The Property Market in Light of the 2012 Budget

by Mark Johnston

The state of the economy and public finances has not changed much since November 2011.

Chris Keates, general secretary of the National Association of Schoolmasters Union of Women Teachers (NASUWT), said that the recent budget showed the government was ‘out of touch with the lives of ordinary people’.

This year’s budget has given no respite on the public sector pay freeze, which is still causing misery for millions of dedicated and committed public sector workers.

However, the chancellor George Osborne did confirm that properties sold for more than 2 million will soon be subject to a new 7% stamp duty tax.

The chancellor said of this decision that ‘those who bought the most expensive homes should contribute more’.

Less than 0.5% of homes in Britain will be affected by the increase in the stamp duty rate for multi-million pound homes, according to Lloyds TSB.

Some believe therefore that this tax is merely a tax on Londoners.

Experts believe however, that the chancellor has missed an opportunity to reform the whole stamp duty rather than just tampering at the edges.

He also added that he intends to tackle tax avoidance, especially when people bought homes.

Nicholas Leeming, business development director at, stated “it is difficult to argue against a clamp down on stamp duty avoidance as, for the vast majority of people, stamp duty is an unavoidable truth that comes with the territory of homeownership”.

So far the government has spoken about finding ways to combat the increasing problems of a generation unable to join the housing ladder.

But it seems though that on a whole any help for the first time buyer was notable absent from this particular budget statement and therefore very little has been done again to cure the paralysis at the bottom end of the market.

Many experts believe that to get the market moving again home owners across the whole market need the confidence to sell their homes and also first time buyers need encouragement to once again climb on to the property ladder.

However, there were no announcements made to support the UK’s fragile property market as such.

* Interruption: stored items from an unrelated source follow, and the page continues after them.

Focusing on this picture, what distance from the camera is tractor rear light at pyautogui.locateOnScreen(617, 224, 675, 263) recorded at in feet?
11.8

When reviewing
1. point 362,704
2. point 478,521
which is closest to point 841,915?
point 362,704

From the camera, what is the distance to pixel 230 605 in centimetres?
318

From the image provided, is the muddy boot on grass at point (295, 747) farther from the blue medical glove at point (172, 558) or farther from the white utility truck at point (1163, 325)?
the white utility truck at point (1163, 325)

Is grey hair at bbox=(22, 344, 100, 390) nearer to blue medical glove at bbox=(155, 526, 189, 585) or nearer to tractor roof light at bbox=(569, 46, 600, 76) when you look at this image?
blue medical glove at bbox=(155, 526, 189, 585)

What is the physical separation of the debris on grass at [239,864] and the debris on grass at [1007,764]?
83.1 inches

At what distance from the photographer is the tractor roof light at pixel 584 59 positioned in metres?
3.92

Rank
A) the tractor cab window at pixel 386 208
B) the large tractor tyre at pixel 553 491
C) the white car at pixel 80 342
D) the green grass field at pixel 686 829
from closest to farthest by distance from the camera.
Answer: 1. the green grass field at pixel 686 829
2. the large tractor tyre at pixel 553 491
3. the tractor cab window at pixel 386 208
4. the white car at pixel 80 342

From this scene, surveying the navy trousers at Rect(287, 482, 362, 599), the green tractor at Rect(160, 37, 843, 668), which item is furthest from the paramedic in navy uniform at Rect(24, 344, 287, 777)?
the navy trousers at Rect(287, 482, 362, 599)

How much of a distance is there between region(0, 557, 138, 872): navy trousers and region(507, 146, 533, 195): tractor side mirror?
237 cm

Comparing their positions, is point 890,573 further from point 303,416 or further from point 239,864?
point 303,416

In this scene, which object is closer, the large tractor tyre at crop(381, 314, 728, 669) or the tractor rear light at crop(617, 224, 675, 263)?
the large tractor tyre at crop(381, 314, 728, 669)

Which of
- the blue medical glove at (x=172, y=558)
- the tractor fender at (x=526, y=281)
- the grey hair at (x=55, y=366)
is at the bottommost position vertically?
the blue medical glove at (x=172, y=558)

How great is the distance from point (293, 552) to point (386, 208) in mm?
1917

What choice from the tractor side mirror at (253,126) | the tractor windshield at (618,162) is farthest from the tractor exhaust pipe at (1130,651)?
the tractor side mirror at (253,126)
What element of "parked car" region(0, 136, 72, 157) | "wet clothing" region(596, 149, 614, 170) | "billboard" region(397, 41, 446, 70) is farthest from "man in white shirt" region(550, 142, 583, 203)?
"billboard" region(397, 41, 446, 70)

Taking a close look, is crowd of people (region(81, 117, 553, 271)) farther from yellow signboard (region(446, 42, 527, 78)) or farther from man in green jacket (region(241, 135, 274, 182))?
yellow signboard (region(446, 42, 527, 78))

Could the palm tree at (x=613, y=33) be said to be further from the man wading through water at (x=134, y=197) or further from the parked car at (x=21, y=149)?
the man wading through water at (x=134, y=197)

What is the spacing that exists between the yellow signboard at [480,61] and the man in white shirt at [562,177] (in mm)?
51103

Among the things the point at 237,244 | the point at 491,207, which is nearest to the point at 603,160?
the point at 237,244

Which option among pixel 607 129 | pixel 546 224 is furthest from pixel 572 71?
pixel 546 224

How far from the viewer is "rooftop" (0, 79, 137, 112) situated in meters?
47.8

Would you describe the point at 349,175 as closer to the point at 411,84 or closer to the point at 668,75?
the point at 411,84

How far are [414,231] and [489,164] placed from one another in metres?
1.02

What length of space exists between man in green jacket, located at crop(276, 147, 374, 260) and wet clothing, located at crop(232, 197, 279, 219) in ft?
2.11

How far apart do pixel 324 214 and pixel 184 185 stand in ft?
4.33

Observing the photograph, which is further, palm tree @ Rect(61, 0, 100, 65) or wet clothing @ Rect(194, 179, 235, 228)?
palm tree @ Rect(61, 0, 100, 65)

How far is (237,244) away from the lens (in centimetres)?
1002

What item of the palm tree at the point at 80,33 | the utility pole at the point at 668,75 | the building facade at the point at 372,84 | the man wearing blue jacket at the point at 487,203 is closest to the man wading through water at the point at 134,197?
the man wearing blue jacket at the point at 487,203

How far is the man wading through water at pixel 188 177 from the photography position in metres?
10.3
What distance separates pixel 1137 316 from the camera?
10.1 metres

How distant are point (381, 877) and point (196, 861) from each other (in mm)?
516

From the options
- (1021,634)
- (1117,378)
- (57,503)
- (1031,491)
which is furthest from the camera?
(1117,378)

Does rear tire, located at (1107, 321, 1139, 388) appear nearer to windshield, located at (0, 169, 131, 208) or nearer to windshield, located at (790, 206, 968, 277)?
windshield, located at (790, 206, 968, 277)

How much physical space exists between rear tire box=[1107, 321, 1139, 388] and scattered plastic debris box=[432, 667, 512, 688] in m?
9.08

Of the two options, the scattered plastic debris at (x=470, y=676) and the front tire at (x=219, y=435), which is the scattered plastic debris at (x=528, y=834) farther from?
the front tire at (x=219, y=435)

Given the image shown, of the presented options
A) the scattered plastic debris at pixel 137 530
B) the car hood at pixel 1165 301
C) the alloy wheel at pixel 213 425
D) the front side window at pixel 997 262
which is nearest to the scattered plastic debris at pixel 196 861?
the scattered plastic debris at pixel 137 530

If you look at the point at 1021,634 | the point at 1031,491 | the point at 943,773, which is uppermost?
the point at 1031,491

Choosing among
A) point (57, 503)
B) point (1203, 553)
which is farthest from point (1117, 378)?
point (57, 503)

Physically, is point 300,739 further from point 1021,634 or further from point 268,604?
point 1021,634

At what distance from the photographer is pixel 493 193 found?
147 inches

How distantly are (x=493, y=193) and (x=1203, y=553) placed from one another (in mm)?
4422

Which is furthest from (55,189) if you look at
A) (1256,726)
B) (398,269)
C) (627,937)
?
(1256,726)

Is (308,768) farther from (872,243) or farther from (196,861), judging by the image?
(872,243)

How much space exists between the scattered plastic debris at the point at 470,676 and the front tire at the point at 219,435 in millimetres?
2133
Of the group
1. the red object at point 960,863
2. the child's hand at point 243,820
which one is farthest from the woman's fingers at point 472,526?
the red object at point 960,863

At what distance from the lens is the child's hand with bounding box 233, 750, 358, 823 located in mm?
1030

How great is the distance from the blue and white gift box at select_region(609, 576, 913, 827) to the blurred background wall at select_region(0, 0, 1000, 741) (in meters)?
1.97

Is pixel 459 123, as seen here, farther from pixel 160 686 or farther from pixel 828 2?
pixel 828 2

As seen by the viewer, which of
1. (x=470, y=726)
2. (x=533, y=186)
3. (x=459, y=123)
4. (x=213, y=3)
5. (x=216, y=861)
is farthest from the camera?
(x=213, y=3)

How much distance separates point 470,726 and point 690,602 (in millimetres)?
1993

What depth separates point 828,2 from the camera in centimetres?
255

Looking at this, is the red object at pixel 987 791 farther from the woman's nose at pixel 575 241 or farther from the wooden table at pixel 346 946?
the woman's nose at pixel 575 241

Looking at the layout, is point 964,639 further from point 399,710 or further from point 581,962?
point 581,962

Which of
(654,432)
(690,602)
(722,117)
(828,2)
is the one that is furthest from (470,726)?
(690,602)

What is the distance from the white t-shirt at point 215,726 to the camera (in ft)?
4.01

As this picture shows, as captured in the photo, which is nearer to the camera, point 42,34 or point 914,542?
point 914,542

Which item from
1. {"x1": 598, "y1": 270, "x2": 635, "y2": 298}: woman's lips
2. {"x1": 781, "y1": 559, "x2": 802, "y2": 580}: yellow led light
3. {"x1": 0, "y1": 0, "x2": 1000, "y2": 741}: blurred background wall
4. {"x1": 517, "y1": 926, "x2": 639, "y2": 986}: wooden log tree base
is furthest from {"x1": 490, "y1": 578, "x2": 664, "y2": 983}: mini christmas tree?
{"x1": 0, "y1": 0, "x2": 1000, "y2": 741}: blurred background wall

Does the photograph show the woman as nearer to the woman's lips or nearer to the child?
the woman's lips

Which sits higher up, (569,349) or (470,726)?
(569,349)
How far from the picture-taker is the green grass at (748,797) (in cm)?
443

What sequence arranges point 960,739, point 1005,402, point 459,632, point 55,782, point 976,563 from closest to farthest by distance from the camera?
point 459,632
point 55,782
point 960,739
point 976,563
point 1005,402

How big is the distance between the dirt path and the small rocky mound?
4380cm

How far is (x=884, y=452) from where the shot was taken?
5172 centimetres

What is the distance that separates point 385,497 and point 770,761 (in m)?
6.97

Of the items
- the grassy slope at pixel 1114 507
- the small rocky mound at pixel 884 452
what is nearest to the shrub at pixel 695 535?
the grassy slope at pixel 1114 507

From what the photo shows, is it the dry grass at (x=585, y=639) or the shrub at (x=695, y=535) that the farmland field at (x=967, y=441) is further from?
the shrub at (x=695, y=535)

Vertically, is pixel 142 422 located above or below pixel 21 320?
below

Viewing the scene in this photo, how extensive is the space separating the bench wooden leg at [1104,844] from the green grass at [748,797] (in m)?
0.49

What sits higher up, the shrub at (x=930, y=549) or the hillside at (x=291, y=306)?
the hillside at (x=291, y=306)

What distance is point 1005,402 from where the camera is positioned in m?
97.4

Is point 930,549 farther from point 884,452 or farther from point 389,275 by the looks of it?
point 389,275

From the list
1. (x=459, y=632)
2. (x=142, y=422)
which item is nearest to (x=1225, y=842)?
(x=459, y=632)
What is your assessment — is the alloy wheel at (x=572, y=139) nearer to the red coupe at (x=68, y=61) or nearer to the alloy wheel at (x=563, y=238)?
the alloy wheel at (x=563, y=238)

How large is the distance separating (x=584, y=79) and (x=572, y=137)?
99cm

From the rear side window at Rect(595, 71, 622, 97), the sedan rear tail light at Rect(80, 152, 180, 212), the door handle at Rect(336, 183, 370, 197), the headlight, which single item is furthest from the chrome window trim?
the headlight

Wendy Evans-Scott, president of the National Association of Estate Agents (NAEA), said “this budget has provided a double whammy for first time buyers: not only has the chancellor failed to offer any real help to lower and middle income home owners and first time buyers, but from Saturday the stamp duty holiday will come to an end”.

The only good thing it seems that has come from the budget was the increase in the personal tax allowance.

This will mean that some people will have more money in their pocket, so those keen to get on to the housing ladder could potentially save for a deposit more quickly. However, it is unlikely to have a huge impact on the housing market because at best it will only shave off a few months of savings, not years which is really needed.

David Orr, chief executive of the National Housing Federation (NHF), said “it is disappointing that the chancellor has failed to put investment in housing at the forefront of driving forward economic growth in the UK”.